*** DATA RECORDS Section Begins ***

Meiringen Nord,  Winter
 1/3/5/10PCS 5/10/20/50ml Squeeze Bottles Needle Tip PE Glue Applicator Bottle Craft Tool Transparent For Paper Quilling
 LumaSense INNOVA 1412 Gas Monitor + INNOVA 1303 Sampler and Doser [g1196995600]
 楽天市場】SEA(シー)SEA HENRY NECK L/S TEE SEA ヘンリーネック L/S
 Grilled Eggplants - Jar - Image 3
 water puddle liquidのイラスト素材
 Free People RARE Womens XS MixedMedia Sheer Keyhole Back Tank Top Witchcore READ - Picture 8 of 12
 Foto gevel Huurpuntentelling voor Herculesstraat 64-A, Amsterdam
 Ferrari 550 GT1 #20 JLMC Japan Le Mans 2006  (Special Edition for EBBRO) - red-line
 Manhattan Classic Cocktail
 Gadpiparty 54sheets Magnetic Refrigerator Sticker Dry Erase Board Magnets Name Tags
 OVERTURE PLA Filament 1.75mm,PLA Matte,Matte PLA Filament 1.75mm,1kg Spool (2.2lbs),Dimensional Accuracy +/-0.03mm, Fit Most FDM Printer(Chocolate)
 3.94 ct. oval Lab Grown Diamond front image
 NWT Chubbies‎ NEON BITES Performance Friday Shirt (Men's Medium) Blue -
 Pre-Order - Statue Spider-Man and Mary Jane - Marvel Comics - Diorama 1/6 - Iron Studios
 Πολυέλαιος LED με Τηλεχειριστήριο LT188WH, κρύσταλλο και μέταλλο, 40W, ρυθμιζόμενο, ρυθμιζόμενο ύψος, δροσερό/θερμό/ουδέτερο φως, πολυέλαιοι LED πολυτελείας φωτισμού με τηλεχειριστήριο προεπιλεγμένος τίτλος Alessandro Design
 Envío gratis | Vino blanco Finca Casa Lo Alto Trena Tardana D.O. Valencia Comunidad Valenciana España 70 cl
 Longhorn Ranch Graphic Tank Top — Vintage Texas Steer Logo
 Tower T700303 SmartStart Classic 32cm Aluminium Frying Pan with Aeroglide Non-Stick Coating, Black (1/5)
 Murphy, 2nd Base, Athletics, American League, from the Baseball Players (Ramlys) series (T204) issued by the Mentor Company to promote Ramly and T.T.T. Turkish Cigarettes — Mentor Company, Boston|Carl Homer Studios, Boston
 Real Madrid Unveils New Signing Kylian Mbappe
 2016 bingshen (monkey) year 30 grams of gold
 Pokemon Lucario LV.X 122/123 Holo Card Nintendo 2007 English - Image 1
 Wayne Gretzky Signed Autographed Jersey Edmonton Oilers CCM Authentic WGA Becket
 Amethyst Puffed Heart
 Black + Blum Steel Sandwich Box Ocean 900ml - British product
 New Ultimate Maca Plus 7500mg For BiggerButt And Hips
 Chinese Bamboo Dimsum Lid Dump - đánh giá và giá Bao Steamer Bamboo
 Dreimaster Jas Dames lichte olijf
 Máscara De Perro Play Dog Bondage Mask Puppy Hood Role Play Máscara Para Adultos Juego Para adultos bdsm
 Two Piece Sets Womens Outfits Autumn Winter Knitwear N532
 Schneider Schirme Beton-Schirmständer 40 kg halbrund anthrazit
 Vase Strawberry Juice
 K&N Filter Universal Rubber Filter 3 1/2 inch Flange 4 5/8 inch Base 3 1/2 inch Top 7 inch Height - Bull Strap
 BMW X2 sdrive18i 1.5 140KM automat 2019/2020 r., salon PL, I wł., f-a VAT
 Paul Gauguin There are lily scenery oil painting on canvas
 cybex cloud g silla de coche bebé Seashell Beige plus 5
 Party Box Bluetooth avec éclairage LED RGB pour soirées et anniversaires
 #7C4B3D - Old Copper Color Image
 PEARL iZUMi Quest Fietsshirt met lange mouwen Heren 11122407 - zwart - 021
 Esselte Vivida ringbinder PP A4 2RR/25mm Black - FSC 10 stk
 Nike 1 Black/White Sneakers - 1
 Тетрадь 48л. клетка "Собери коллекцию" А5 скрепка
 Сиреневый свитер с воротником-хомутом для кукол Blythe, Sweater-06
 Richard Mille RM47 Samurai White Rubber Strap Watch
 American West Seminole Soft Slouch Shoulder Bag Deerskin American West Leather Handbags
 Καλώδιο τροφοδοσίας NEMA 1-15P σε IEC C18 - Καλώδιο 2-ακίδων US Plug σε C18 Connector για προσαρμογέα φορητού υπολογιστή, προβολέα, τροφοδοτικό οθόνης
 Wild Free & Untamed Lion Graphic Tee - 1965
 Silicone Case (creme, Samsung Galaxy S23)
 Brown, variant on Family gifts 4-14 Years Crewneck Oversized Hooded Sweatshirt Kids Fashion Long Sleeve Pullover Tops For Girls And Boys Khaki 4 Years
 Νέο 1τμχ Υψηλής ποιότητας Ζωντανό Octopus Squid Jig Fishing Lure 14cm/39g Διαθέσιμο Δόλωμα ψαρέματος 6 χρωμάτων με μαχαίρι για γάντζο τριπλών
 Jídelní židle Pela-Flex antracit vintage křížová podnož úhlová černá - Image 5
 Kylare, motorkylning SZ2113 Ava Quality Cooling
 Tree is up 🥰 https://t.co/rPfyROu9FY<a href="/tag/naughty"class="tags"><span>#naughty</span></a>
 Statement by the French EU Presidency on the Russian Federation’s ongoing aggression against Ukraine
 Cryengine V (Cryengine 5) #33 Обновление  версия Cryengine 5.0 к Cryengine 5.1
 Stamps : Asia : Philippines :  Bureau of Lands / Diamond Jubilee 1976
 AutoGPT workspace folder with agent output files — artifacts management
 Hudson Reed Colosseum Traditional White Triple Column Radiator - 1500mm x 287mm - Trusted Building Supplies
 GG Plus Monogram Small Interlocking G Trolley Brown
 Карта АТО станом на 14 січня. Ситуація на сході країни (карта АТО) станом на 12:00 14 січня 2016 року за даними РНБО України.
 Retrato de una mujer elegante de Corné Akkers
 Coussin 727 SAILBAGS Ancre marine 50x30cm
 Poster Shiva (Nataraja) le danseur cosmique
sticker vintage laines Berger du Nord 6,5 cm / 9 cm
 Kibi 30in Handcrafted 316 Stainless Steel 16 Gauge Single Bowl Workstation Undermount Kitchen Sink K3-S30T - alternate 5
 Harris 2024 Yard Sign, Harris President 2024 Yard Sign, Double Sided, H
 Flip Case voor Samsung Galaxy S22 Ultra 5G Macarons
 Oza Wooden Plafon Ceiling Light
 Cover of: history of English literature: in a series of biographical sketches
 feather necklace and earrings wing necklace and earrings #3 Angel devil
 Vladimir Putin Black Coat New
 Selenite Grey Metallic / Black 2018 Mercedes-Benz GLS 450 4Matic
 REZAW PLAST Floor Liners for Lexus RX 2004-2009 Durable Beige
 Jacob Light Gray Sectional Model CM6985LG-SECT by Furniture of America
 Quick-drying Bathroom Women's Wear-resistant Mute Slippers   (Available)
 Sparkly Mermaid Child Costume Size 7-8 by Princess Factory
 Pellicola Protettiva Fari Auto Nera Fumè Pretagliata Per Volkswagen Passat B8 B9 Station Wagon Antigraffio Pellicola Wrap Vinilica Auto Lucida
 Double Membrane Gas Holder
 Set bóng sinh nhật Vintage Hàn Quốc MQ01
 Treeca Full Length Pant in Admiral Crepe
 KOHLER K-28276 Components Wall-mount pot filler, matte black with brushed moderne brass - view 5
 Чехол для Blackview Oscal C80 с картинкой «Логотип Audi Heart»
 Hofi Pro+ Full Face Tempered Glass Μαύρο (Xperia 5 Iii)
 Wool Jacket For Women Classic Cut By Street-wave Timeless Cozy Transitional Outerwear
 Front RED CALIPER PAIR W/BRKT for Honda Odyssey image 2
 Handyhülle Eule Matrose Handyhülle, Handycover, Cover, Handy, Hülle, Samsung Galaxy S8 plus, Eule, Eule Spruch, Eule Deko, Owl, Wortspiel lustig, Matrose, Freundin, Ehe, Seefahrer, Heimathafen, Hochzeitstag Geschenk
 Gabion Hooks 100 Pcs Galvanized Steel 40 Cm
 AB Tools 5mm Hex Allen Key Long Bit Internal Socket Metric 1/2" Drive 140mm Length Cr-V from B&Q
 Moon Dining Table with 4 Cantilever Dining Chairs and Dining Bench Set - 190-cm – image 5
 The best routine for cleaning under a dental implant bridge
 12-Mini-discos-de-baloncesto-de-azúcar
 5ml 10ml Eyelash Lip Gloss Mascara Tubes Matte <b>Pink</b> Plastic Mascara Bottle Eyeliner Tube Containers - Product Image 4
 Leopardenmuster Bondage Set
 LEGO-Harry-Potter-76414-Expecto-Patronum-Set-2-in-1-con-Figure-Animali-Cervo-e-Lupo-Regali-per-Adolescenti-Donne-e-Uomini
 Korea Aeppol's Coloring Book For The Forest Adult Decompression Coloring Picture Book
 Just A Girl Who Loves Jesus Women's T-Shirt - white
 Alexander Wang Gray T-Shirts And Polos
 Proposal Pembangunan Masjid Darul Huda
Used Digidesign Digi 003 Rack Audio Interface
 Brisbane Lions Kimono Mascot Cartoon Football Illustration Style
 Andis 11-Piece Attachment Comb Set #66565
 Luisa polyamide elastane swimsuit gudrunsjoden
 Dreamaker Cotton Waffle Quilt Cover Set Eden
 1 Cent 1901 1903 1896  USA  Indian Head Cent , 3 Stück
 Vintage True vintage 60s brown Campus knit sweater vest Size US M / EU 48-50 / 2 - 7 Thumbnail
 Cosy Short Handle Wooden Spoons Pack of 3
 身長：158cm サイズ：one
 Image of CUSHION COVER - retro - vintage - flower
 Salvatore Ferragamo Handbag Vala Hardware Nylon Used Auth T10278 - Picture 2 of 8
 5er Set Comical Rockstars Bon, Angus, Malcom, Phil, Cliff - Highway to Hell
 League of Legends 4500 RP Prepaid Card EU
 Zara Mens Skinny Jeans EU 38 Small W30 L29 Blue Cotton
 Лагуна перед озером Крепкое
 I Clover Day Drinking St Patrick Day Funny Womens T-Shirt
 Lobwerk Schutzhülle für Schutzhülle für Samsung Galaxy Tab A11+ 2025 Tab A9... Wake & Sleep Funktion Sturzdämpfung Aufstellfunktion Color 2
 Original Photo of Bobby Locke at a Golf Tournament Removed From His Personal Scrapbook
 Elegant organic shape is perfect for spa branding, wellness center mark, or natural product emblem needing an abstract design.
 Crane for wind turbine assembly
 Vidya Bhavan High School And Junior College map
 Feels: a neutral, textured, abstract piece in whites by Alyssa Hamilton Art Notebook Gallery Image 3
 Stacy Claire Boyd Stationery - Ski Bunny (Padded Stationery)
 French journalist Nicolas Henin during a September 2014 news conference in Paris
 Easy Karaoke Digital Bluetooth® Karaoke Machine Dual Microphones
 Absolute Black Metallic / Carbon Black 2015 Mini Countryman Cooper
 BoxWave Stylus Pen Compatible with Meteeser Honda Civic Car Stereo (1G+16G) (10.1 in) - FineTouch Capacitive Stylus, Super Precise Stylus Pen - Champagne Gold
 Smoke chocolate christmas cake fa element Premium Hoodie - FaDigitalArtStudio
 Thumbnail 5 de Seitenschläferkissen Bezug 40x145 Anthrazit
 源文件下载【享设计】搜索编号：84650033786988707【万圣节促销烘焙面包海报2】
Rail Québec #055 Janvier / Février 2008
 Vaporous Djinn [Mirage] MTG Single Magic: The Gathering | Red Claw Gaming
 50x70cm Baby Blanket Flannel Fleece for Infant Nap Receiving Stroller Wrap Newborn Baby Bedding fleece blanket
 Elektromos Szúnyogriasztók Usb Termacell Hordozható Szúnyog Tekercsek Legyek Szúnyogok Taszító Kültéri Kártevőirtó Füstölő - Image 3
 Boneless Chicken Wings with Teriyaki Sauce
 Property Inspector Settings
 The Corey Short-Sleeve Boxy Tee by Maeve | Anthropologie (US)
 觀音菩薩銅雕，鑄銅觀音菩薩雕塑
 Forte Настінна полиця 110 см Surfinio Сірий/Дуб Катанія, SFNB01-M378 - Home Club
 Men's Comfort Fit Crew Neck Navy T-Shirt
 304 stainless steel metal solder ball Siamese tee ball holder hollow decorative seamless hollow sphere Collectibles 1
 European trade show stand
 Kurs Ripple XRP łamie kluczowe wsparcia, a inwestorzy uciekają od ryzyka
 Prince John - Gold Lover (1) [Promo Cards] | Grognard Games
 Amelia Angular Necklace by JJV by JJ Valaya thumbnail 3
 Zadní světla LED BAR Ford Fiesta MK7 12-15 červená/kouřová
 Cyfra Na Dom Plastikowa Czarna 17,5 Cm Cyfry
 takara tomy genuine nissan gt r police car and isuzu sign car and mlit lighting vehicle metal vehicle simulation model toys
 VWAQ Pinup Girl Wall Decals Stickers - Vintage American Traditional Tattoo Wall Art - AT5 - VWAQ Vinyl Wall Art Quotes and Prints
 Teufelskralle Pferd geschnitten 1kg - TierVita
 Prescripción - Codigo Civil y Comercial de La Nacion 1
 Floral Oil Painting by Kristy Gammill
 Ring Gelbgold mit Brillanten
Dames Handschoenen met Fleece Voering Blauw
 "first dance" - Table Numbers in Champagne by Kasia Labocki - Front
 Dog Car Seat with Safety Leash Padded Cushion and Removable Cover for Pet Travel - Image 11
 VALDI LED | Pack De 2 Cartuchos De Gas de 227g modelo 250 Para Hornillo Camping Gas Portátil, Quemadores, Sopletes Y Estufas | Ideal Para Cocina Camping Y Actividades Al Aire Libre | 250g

*** DATA RECORDS Section Ends ***

TRY IT: Scan the listing for the string "Pack". Copy each line that has it.

ANSWER TO THE EXERCISE:
 Cosy Short Handle Wooden Spoons Pack of 3
 VALDI LED | Pack De 2 Cartuchos De Gas de 227g modelo 250 Para Hornillo Camping Gas Portátil, Quemadores, Sopletes Y Estufas | Ideal Para Cocina Camping Y Actividades Al Aire Libre | 250g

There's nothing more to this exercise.